First-of-its-kind report details prevalence of economic abuse among survivors of domestic violence and provides policy roadmap for elected officials

New York, NY September 26, 2022  – On the eve of Domestic Violence Awareness Month in October 2022, Urban Resource Institute (URI), along with the Center for Survivor Agency and Justice (CSAJ) and a broad coalition of survivor-centered, gender-based violence prevention advocates, released a groundbreaking new report Reinvesting in Economic Justice, Equity, and Solidarity for Survivors in New York City, detailing the economic struggles that survivors of domestic violence face and providing policy makers with a series of ready-to-implement policy recommendations designed to remove many of those barriers.

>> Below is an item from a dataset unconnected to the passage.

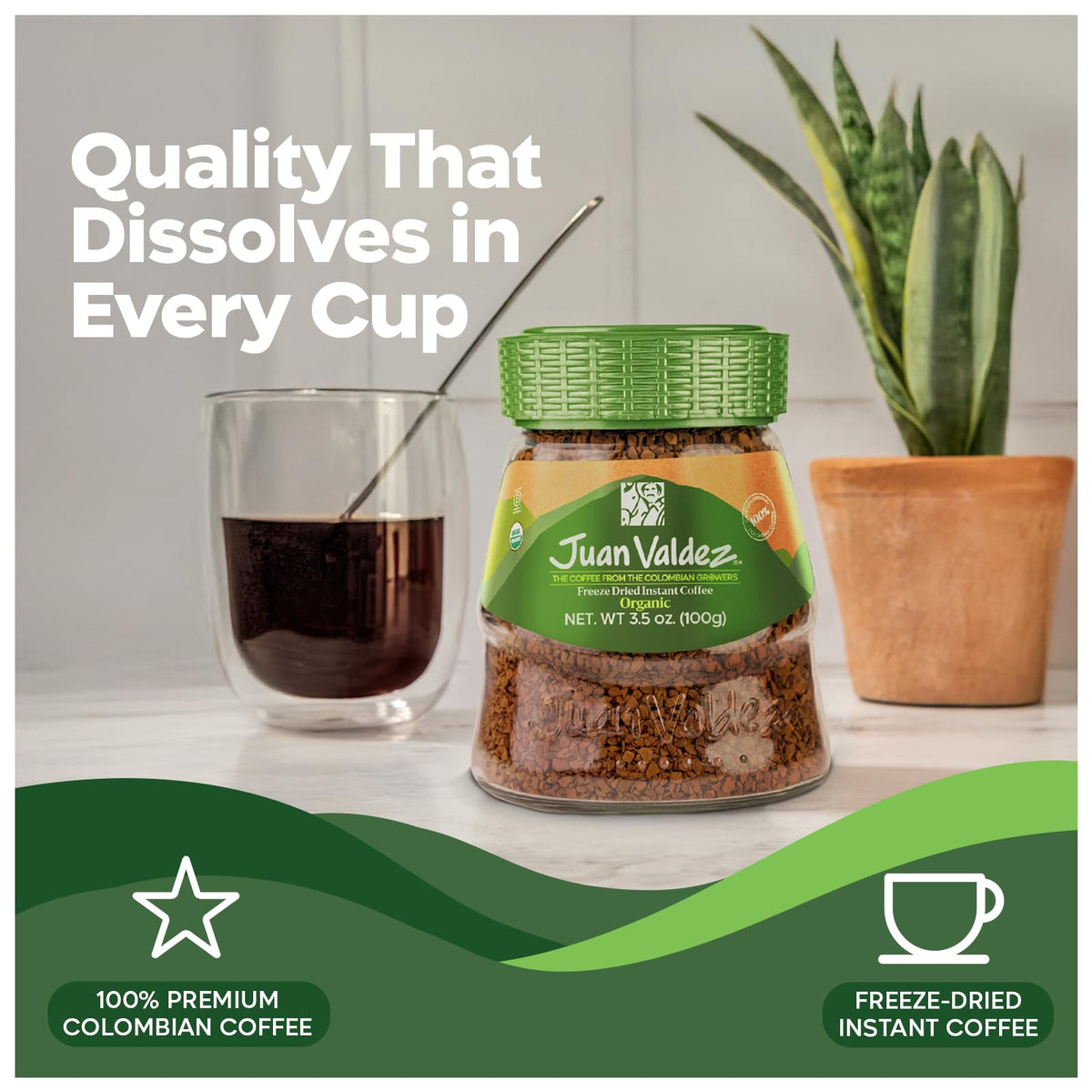 Juan Valdez Organic freeze-dried coffee packaging close-up highlights quality and organic origin.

In addition to physical abuse, domestic violence also includes emotional and economic abuse. In fact, more than 98% domestic violence survivors have reported experiencing financial abuse, which includes but is not limited to lack of access to their income, being restrained from working, high debt loads, coerced debt and damaged credit that may result from that abuse. Adding urgency to the issue, financial dependence is a leading barrier to fleeing to safety and a key reason why many survivors are forced to return to their abusers.

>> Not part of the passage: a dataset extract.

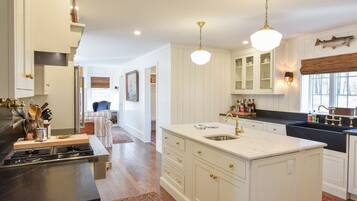 KylskÄp, mikrovÄgsugn, ugn och spishÀll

Despite the pervasiveness of economic abuse and coerced debt, in particular, survivors face unique and significant obstacles in obtaining temporary and permanent housing, public assistance and other government resources, securing employment, and achieving financial independence and creditworthiness as a result of the abuse.

“Our notions of safety must evolve so that when we think of safety for survivors of domestic violence, we also consider financial safety,” said Teal Inzunza, Program Director of the URI Economic Empowerment Program and one of the report’s co-authors. “You cannot have physical safety and a stable future without financial security and independence. Many survivors cite high debt loads, lack of access to safe housing, and scarce financial resources, including public benefits, as major obstacles to leaving their abusers. Breaking financial barriers to safety and healing will support survivors seeking safety, whatever that means to them, and begin the journey to build a stable future for themselves and their families.”

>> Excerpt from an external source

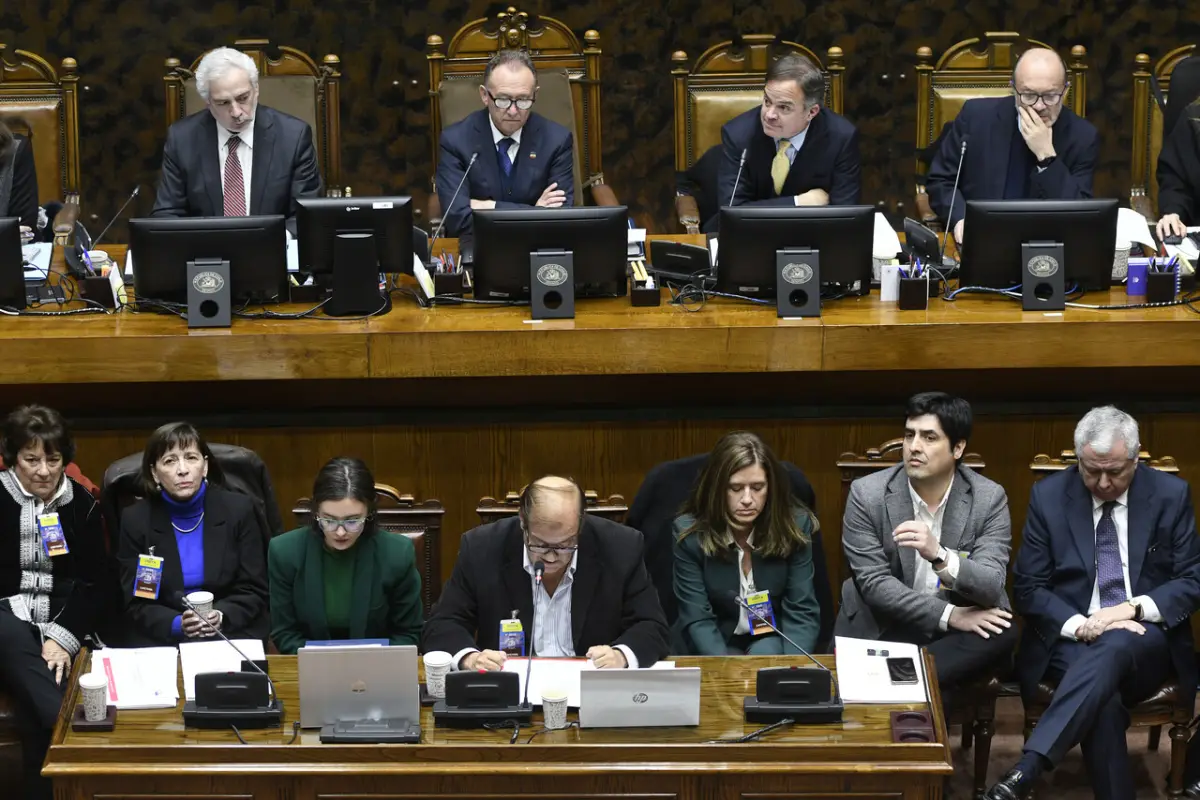 Senadores y Francisco Vidal, Agencia UNO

Unfortunately, many of the government systems, even those that are specifically designed to administer services and provide benefits to domestic violence survivors, are not designed to reflect the economic realities they face. The report details the shortcomings of these systems, and provides concrete steps that policy makers can take to implement the proposals and begin to make the system work effectively to meet the needs of survivors and their families.

“Among URI’s comprehensive programs and services for our clients, the Economic Empowerment Program provides the resources, tools, training, and work experience to build pathways to financial freedom and a stable, sustainable future free of abuse,” said Nathaniel Fields, CEO of Urban Resource Institute. “URI is committed to removing barriers to safety and healing for the families we serve, and we are proud to be working alongside coalition partners to provide actionable steps our lawmakers can take today to improve the lives of survivors of domestic violence and their families. I thank Teal Inzunza, the Program Director of the URI Economic Empowerment Program, for her relentless pursuit of economic justice for domestic violence survivors.”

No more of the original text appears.